__INPUT DATA__
-------------------------

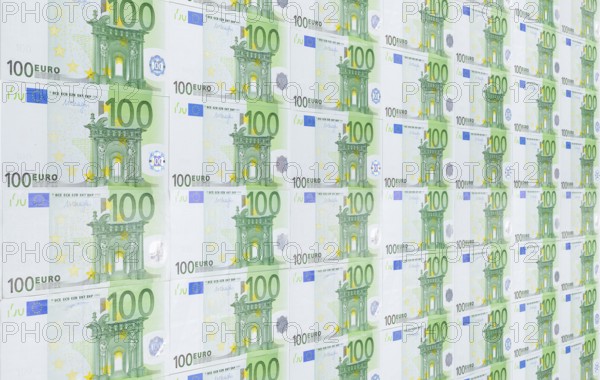 100 euro banknotes, 100 euros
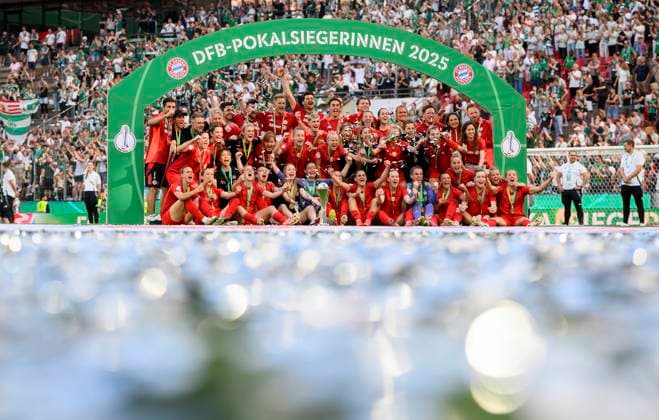 Siegerehrung, Jubel Team M mit dem Pokal, mannschaft, DFB Pokal Finale der Frauen 2025, FC Bayern Muenchen (M) - SV Werder Bremen (HB), am 01.05.2025 in Koeln Deutschland. DFB regulations prohibit any use of photographs as image sequences and or quasi-video Â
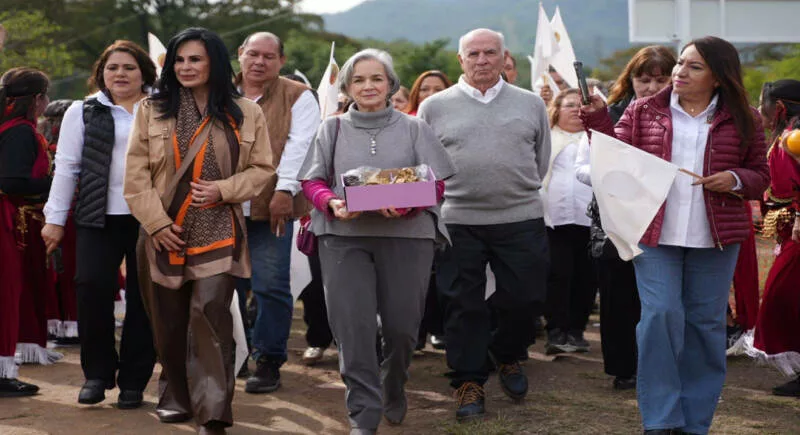 Entrega María de Villarreal las pupilas de la Virgen de la Misericordia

-------------------------

__AIM OF THE EXERCISE__
Could you print the data exactly as it appears and keep the pictures out?

__SOLUTION FOR THIS PROBLEM__
 100 euro banknotes, 100 euros
 Siegerehrung, Jubel Team M mit dem Pokal, mannschaft, DFB Pokal Finale der Frauen 2025, FC Bayern Muenchen (M) - SV Werder Bremen (HB), am 01.05.2025 in Koeln Deutschland. DFB regulations prohibit any use of photographs as image sequences and or quasi-video Â
 Entrega María de Villarreal las pupilas de la Virgen de la Misericordia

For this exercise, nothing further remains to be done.